===== DATA IN THIS EXERCISE

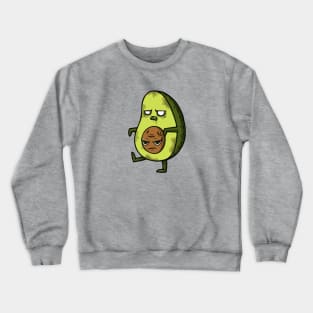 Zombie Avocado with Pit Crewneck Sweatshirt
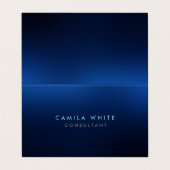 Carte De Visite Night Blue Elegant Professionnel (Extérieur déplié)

==========
===== DATA IN THIS EXERCISE

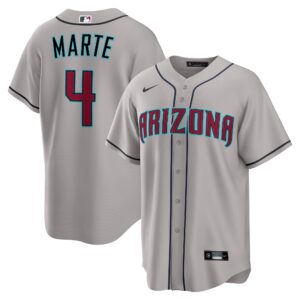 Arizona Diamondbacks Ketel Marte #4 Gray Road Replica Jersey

==========

_WHAT TO WORK ON_
Copy only what runs above from the line containing "Zombie Avocado with Pit Crewneck Sweatshirt" through the line containing "Carte De Visite", exactly. Leave out the pictures.

_EXERCISE SOLUTION_
 Zombie Avocado with Pit Crewneck Sweatshirt
 Carte De Visite Night Blue Elegant Professionnel (Extérieur déplié)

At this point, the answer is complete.